Should I use double or float?
Asked Answered
P

11

105

What are the advantages and disadvantages of using one instead of the other in C++?

Pinole answered 2/7, 2009 at 13:53 Comment(1)
Has anyone tried making an array of floats and an array of doubles and see if indeed there are 4 bytes between members on floats and 8 bytes between members on doubles? It's possible that a 64bit compiler/computer might still reserve 8 bytes per member for floats even though they don't need that much.Cornell
G
108

If you want to know the true answer, you should read What Every Computer Scientist Should Know About Floating-Point Arithmetic.

In short, although double allows for higher precision in its representation, for certain calculations it would produce larger errors. The "right" choice is: use as much precision as you need but not more and choose the right algorithm.
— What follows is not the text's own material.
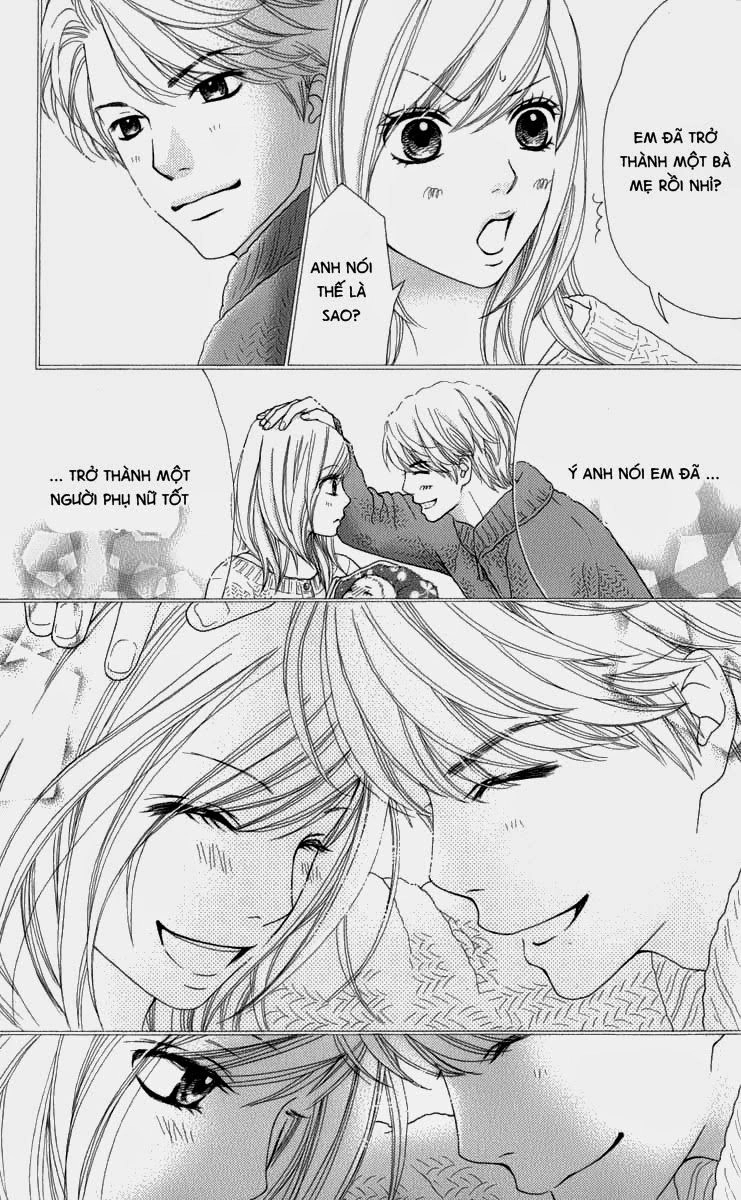 Aruitou Chapter 7 - 13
Many compilers do extended floating point math in "non-strict" mode anyway (i.e. use a wider floating point type available in hardware, e.g. 80-bits and 128-bits floating), this should be taken into account as well. In practice, you can hardly see any difference in speed -- they are natives to hardware anyway.

Gabbey answered 2/7, 2009 at 14:1 Comment(7)
Yes. With modern CPUs prefetching larger and larger chunks of memory, parallel numerical processing units and pipelined architectures, the speed issue is really not an issue. If you're dealing with huge quantities of numbers, than perhaps the size difference between a 4-byte float and an 8-byte double might make a difference in memory footprint.Titicaca
Well SSE (or any vertor floating point unit) will be able to process twice the number of flops in single precision compared to double precision. If you are doing just x87 (or any scalar) floating point then it probably won't matter.Eddings
@Greg Rogers: compilers are not that smart at this moment. Unless you are writing raw assembly, it don't have large different. And yes, this may change as the compiler evolves.Gabbey
An additional notes: If you have absoluatly no idea what the data look like (or just have no clue at all the maths in the links), just use double -- it is safer in most case.Gabbey
@jokoon, there is nothing simple in floating point and the whole precision/numerical stability problem area.Parahydrogen
can you see the difference in speed in GPUs?Secondbest
"double would produce larger errors"? Had a look at the (1991) paper, and unless I misread, he's talking about the rounding error can be higher with a greater β ; but β is not the mantissa (precision p in the doc) it's the base... and both double and float have β = 2.Multicolored
R
56

Unless you have some specific reason to do otherwise, use double.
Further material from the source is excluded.